Both players found the fairway on 1. Callahan would find the putting surface, while Pranger was left of the green in the bunker with a difficult bunker shot to the front left hole. Pranger was left with a right to left slider of a putt for par which just slid by and Callahan rolled in a 3 footer for par and the championship.
“I was pretty amped up going into the tee shot on 1, which was our 19th hole. I kid you not, carried it 327 yards and had about 72 yards into the hole, which was a huge advantage,” Callahan said. “After watching him put it into the front left bunker, I knew an up and down from there was highly unlikely. I threw my wedge shot safely 20 feet just past and right of the pin that was tucked away to the left.
“Drew put his bunker shot to about 17 feet and I knocked my first putt to about 3 feet. He missed his par putt and I just knocked in my short par putt for the victory.”
It’s a match that had everything and Callahan said it’s a big one for him.

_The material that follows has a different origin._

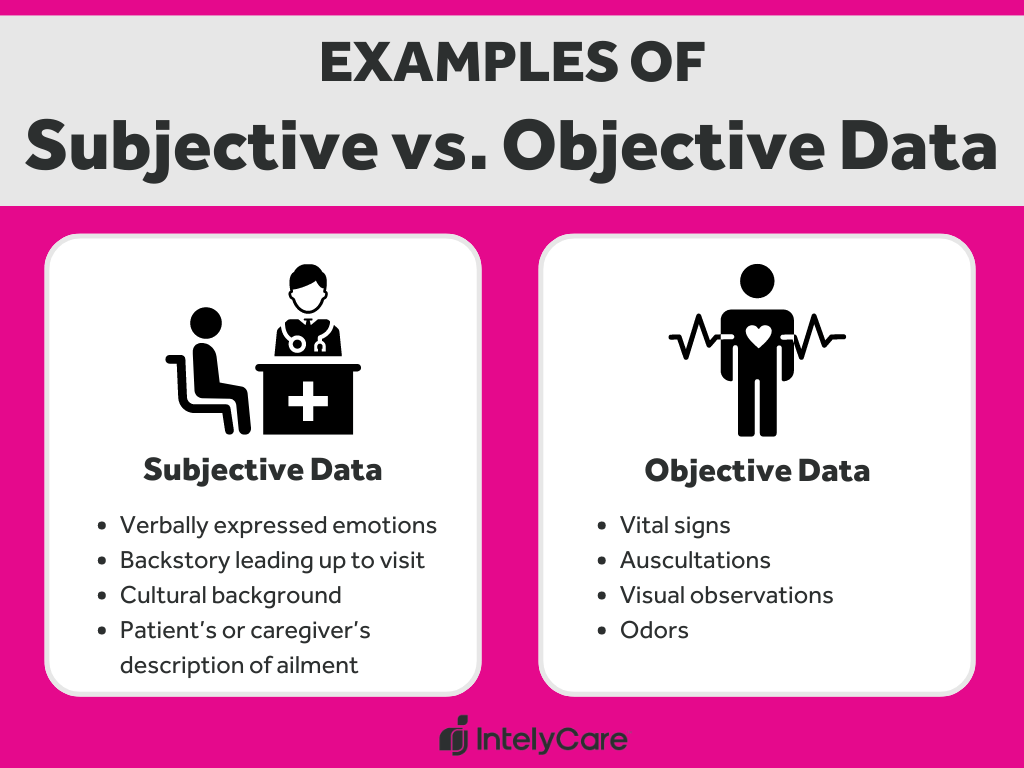 What Does Subjective Mean in Medical Terms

“This match was an absolute roller coaster. After the match with Chad, I was mentally drained and honestly physically wore out,” Callahan said. “I let the foot off the gas pedal for the first four or five holes in the final match and it cost me.
“I had to mentally gather myself and redefine what winning was to me. Had to remind myself how bad I wanted this victory. A lot of outside issues fueled my want to win this tournament.”
Callahan said he had many people help him.
“My caddy, Jackson Workman, man I thank you from the bottom of my heart for your time in caddying me when you could,” Callahan said. “You did an absolute heck of a job and I really look forward to this summer with you on the bag. My dad (Todd) did great filling in for Jackson and we won this thing together. Me and you Pops, always.”
He had fans out there watching him.
“My entire support group and family walked a number of holes to watch me. Not many people in the golf world have the incredible support group that I am lucky enough to have,” Callahan said. “Grandma Kathy walked 91 holes (including US Open Qualifier the next day) with me. I cannot explain to you how special that is.”
Callahan said his late Western Kentucky coach was a big influence for him.
“Philip Hatchett, although you’re not with us physically anymore, I promise you I feel your presence with every wedge I hit, every ‘committed target’ I have, and every “go get what you want” moment,” Callahan said. “I wouldn’t be the golfer and person I am without your influence and guidance in the years we had together. I’m forever playing for you coach.”